Tuesday, January 16, 2007
With the back walls now completed in the kitchen modification, it was now time to focus on the floors in the back addition. There were three issues that needed to be dealt with.
- First of all the flooring was a patchwork of 4 inch heart pine in what was the pantry section, then became 3 inch heart pine in what was the original mudroom section, a plywood patch in the later bathroom area, and yes the tried and true soup can lid patches where the old radiator and sink pipes were removed!
- Second was that the floor had over a 1 inch slope from the main house to the outside wall - and apparently was constructed this way on purpose.
- The third major issue was that where the original porch was located, originally you stepped down to a lower floor when you went out on the porch from the mudroom. When the porch was converted to a bathroom, another floor was built on top of the original to even the floors out. Unfortunately they did a piss poor job of it.
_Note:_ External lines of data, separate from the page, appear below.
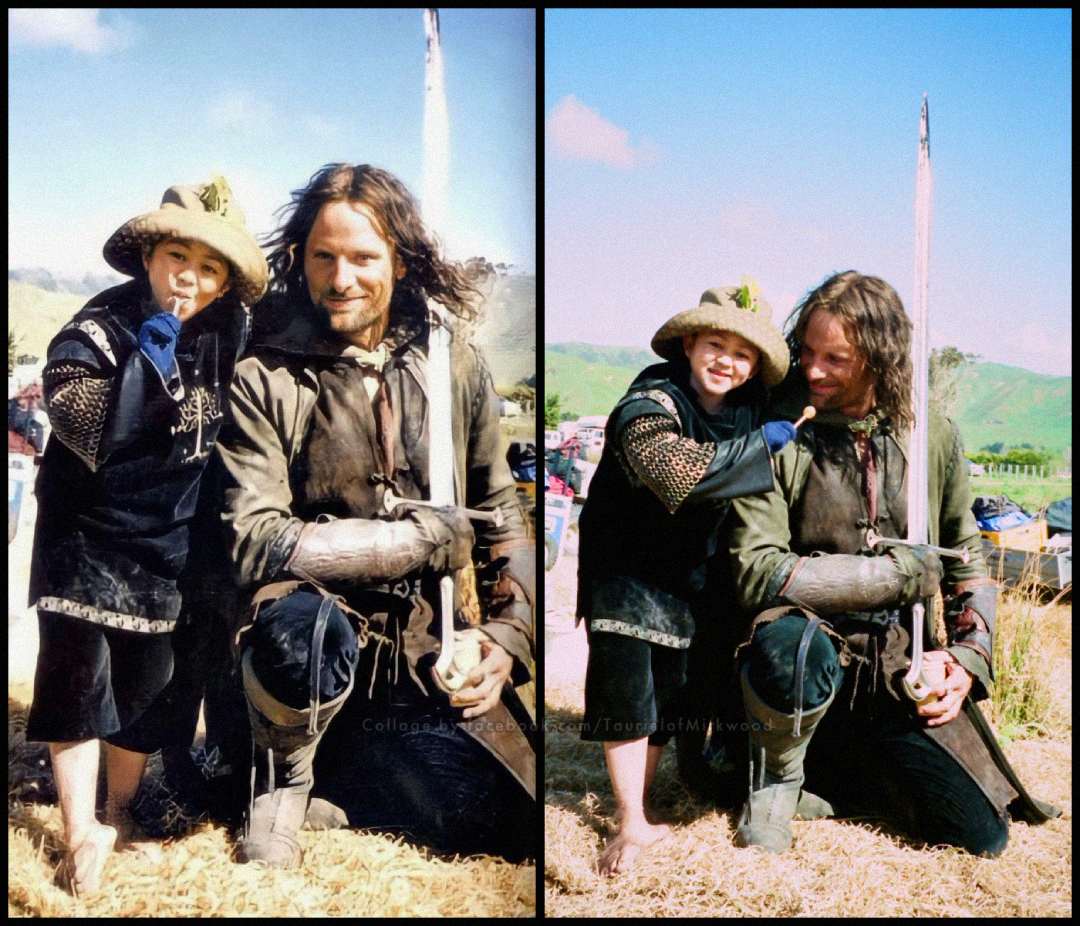 Two actors dressed in medieval costumes pose together outdoors on a film set. The adult kneels while the child in armor and a feathered hat stands beside him, both smiling against a sunny, scenic background.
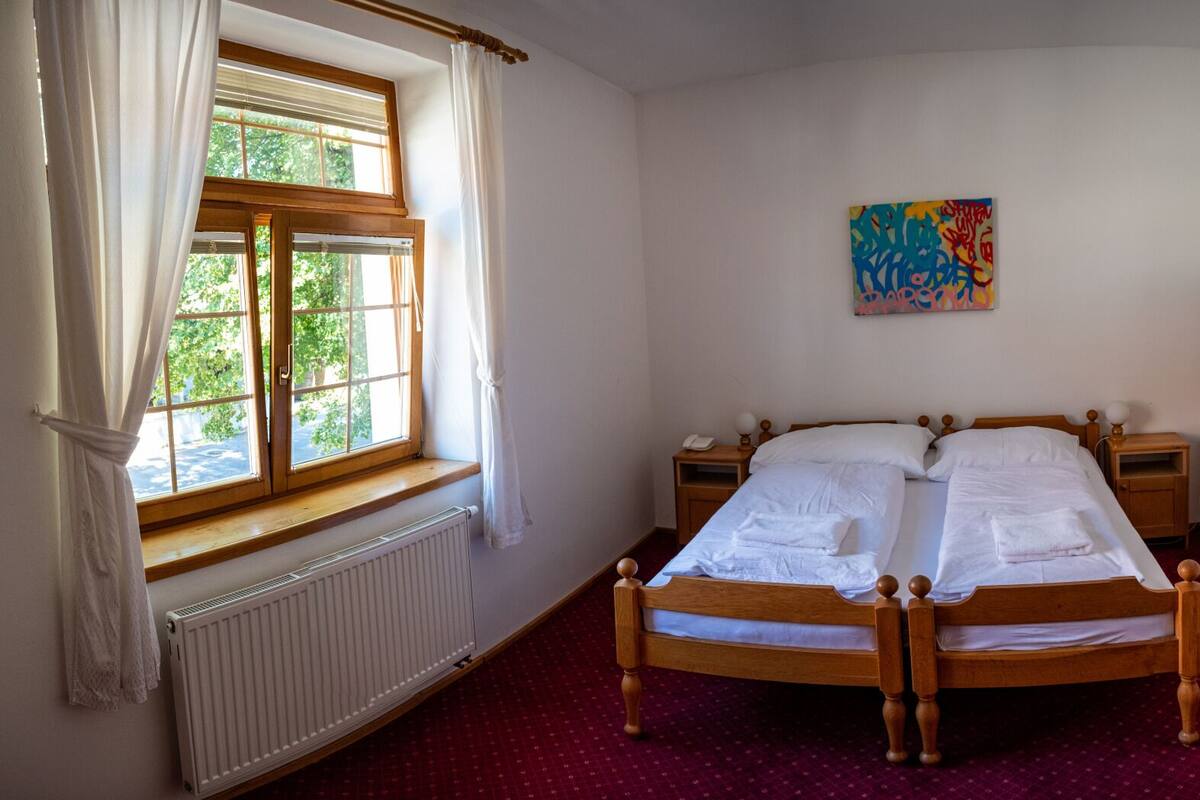 A bedroom with a double bed, a radiator, a window with curtains, a bedside table with a lamp, and a colorful painting on the wall.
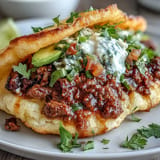 Savory taco meat piled high on airy cloud bread shells, ready to enjoy.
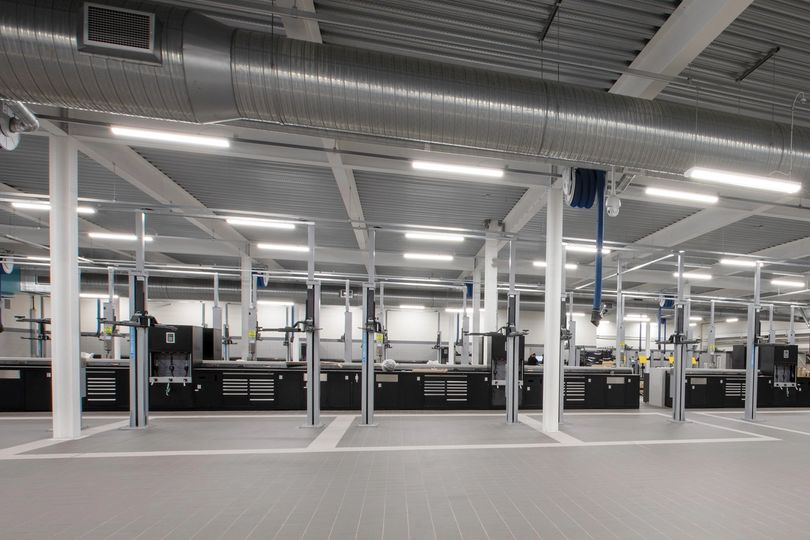 Large service hall with vehicle lifts and black workbench systems along the back wall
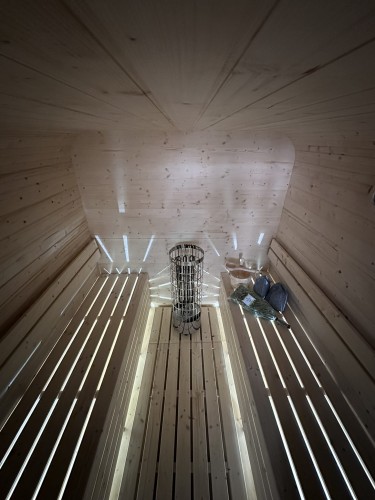 Innenraum der SpaDucha Qubik Lux Sauna – Harvia Ofen, LED-Beleuchtung, doppelte Sitzbänke.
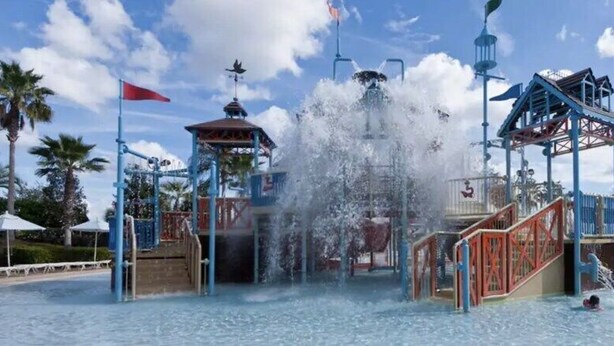 A water park with a central water feature, multiple slides, and a covered area with a red flag. - 4184pd · 20% OFF Weekly Stay/ 5br/free Water Park (Kissimmee)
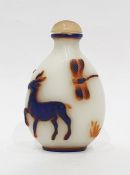 White ground snuff bottle decorated with hare, radish, deer and dragonfly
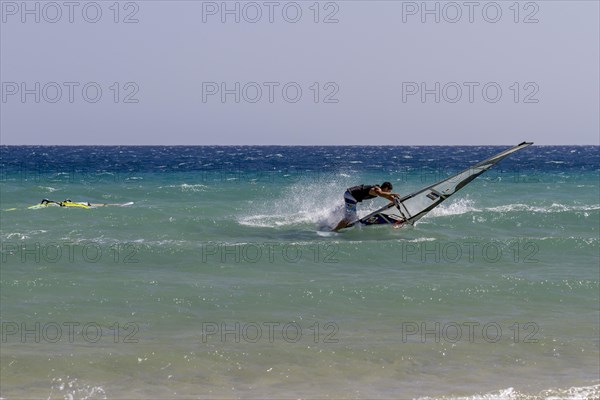 Surfer at Playa de Sotavento, Costa Calma, Fuerteventura, Canary Island, Spain, Europe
With the flooring removed (and yes, salvaged for other projects) I first needed to reinforce the point of transition from the old kitchen to the newer section. First I made a nice straight clean cut for the transition. Then a filler piece was cut to fill the gap between the sill on the main foundation and the ends of the floor boards. Once everything was nailed in place, I had a rock solid edge and plenty of meat to nail a 2x6 leader to support the edge of the new sub flooring at the transition. Then after marking a level line to the outside wall, I found that each joist dropped another 1/4 inch from the previous one. So to shim everything up, 1 piece of lathe (I have plenty!) was added to the first joist, then two, and so on till I reached the wall.
Next I had to add 2x6's along the outside perimeter so that I would have support along the edges for the new sub floor. As an added support, cross pieces were added to take any twist out of the original 2x8 joists since they're about a 16 feet long run with only one support point in the middle. They also help support the floor insulation. With the framing for the floor complete up to the old porch I could start adding floor insulation and 3/4 sub flooring.
Once I reached the old porch floor it was time to demo what remained of it and start building a new floor flush with what I just finished. In the original porch floor you can see where the first bathroom was added ( I think in the 1940's), that only part of the porch was sacrificed for. The 1971 conversion would make this entire area into a bathroom.
I continued adding support around the perimeter and for the center joists, I sistered them to the others and extended to the south wall. Cross bracing was also added here as to prevent twisting as well as for support where the dividing wall will be located and toilet/tub locations.
I continued with the sub floor installation, but held off on insulation until the plumbing is complete. I added 1/4 inch backer board to the sub flooring in the powder room area for a tile floor and then built a dividing wall to form the powder room. The ceiling framing you see was from the 1971 bathroom, which I demoed only up to this point. It was pretty straight, so this saved me building a flat ceiling in there.
Now I have a new solid floor with a smooth transition to the old kitchen and to our new powder room. This completes the structural changes for our new kitchen/powder room. Whew!
Structural changes complete - staging items for new layout.